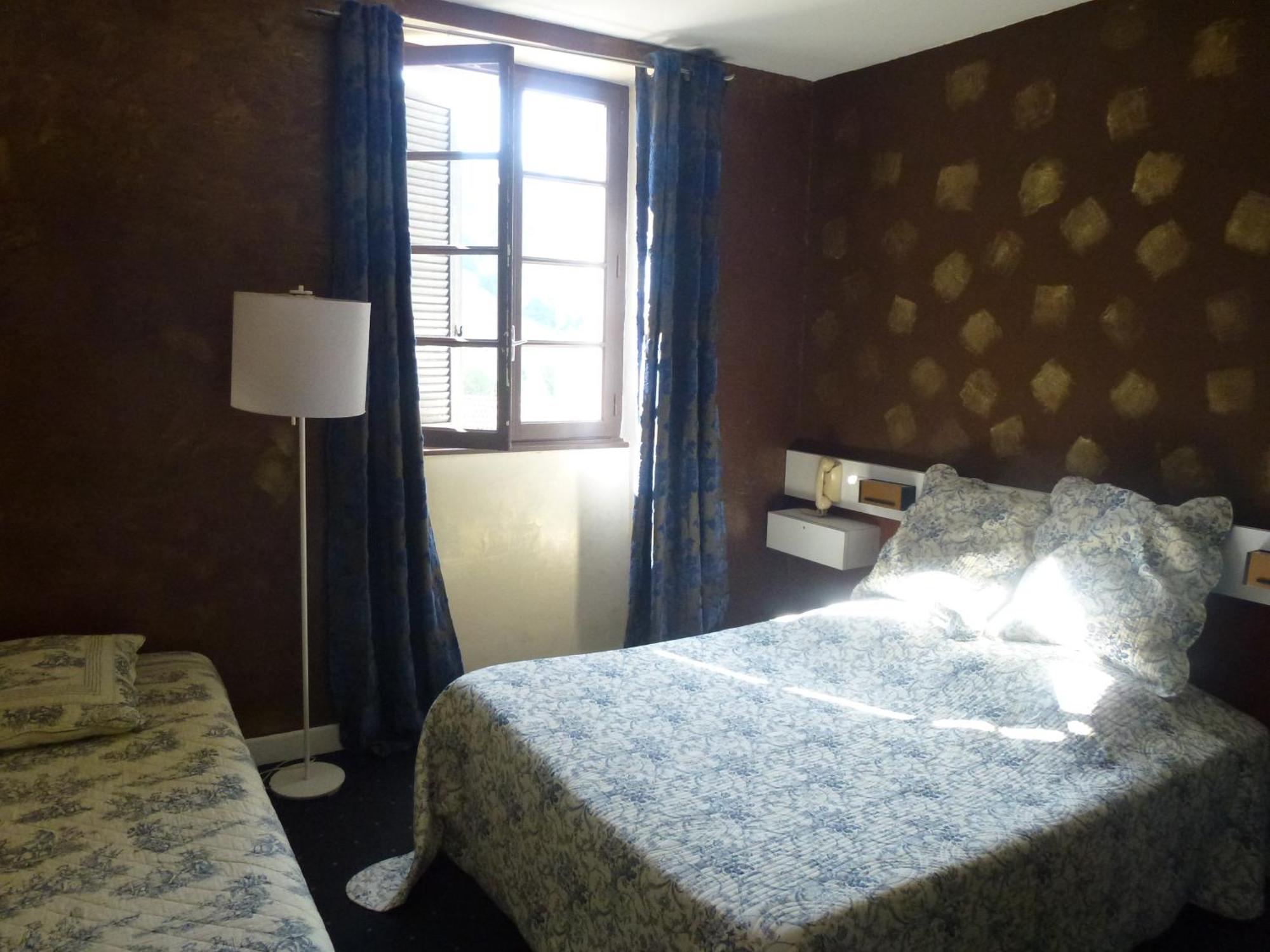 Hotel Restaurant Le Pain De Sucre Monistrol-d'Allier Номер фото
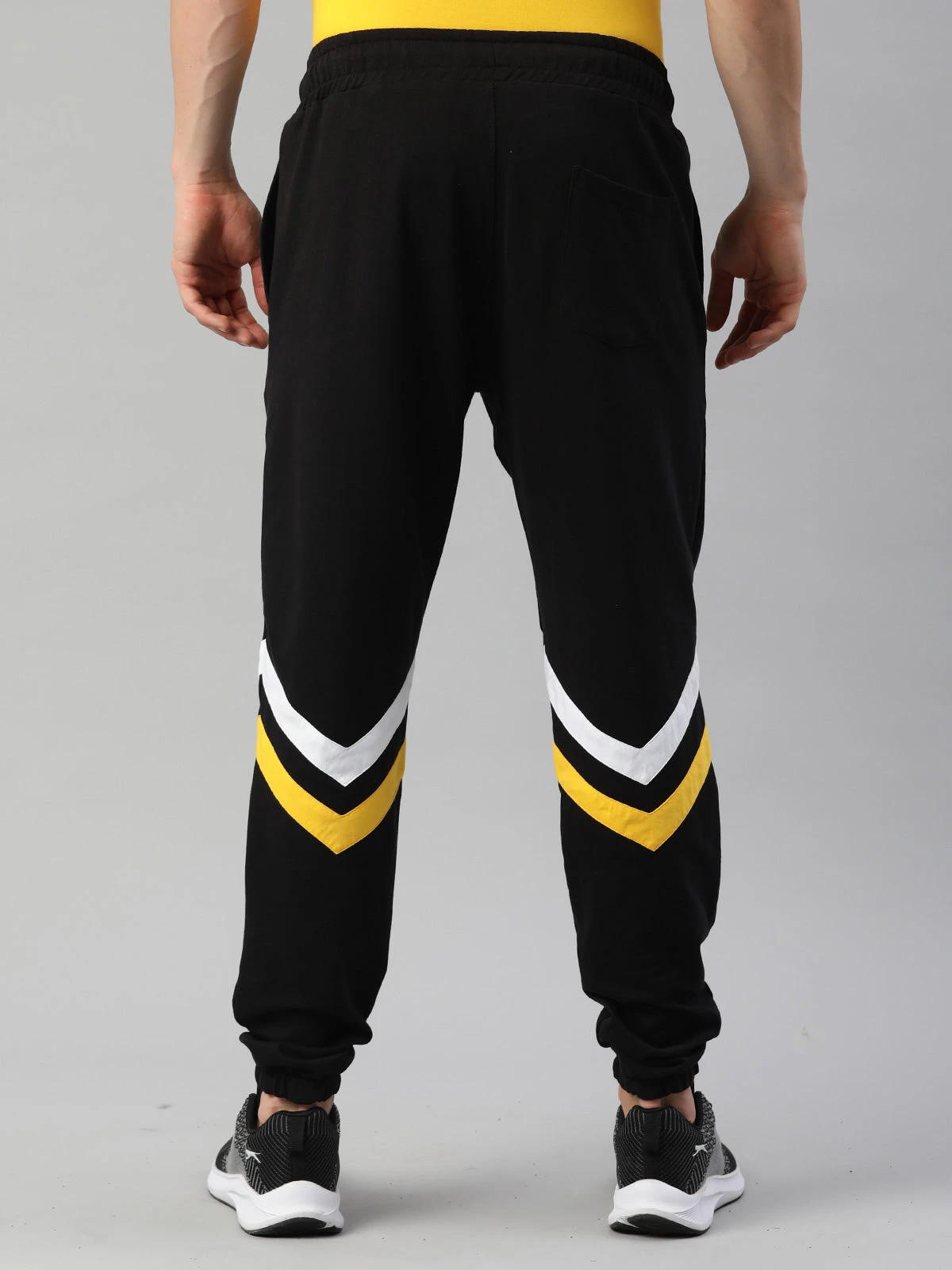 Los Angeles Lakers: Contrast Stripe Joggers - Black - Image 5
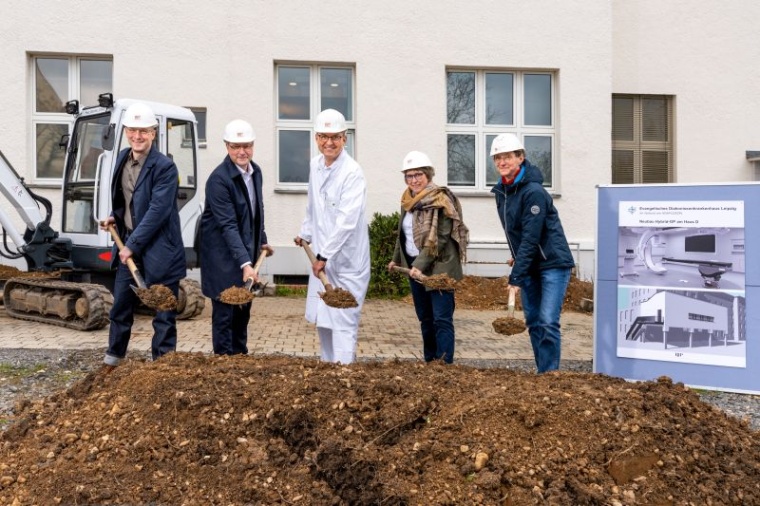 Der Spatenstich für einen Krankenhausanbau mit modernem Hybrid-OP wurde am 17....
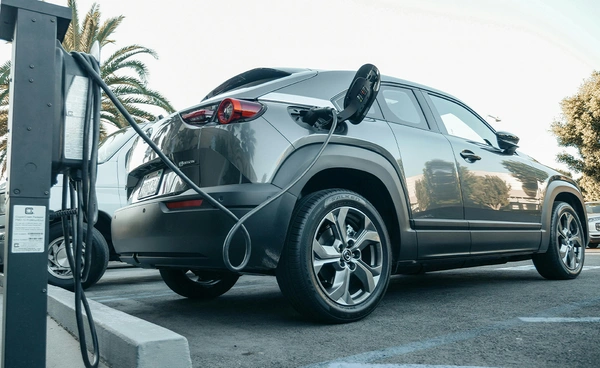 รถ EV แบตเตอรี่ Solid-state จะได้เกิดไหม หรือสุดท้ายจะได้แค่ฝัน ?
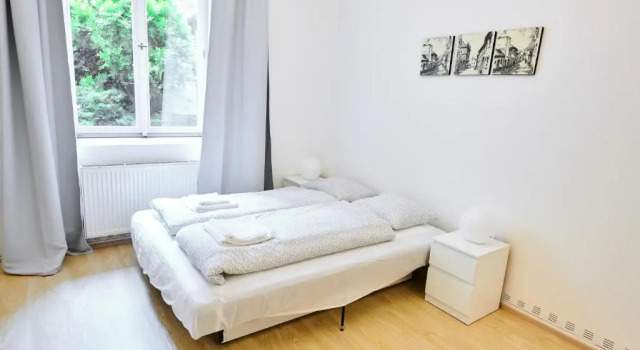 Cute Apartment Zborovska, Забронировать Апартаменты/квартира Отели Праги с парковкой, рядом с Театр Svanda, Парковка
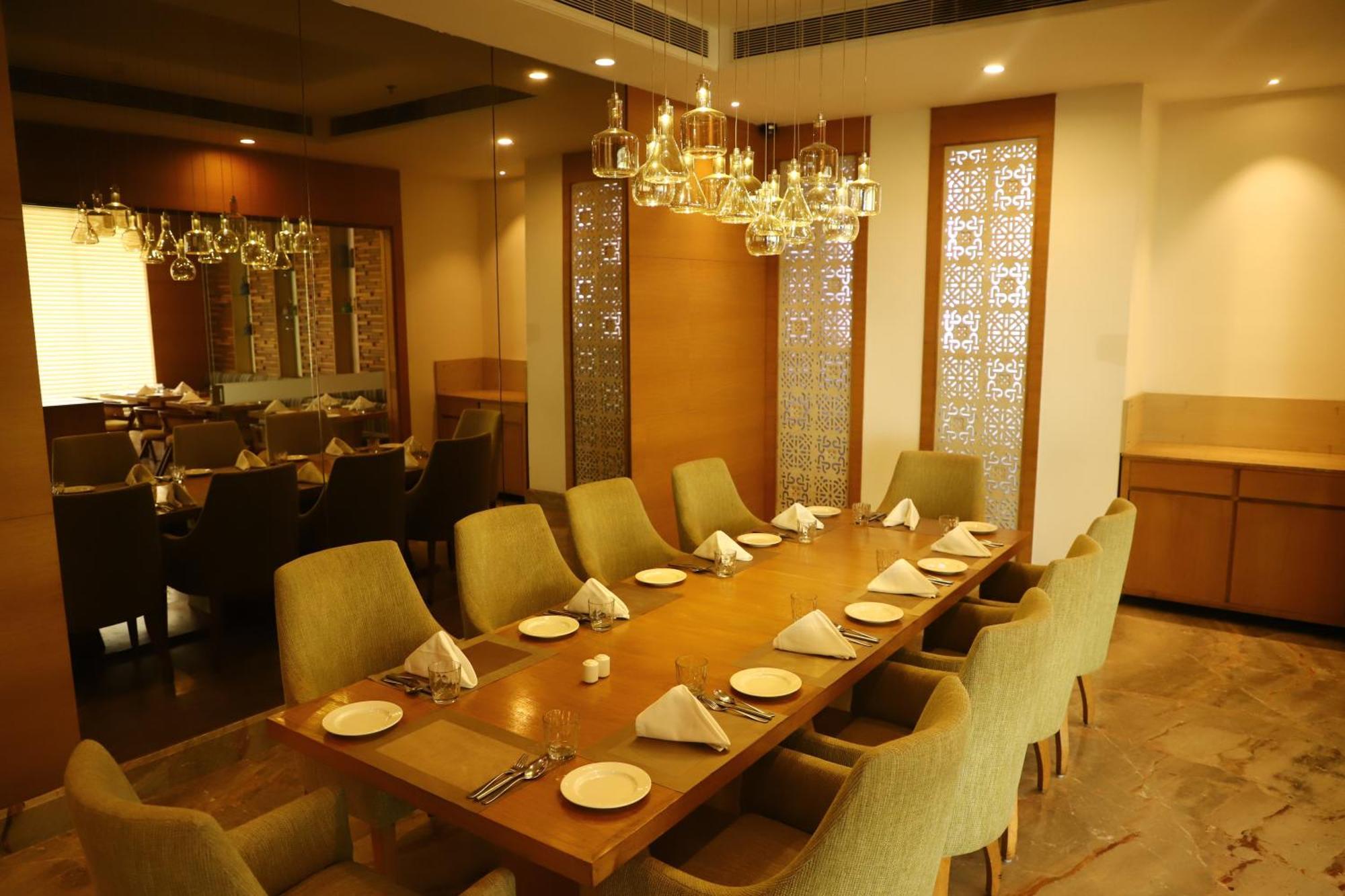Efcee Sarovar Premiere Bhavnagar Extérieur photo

= = = = = = =

TASK ITEM >> Using the listing above, write out exactly the lines from the one that holds "รถ EV แบตเตอรี่" through the last line, both included, and omit pictures.

SOLUTION BELOW >>
 รถ EV แบตเตอรี่ Solid-state จะได้เกิดไหม หรือสุดท้ายจะได้แค่ฝัน ?
 Cute Apartment Zborovska, Забронировать Апартаменты/квартира Отели Праги с парковкой, рядом с Театр Svanda, Парковка
Efcee Sarovar Premiere Bhavnagar Extérieur photo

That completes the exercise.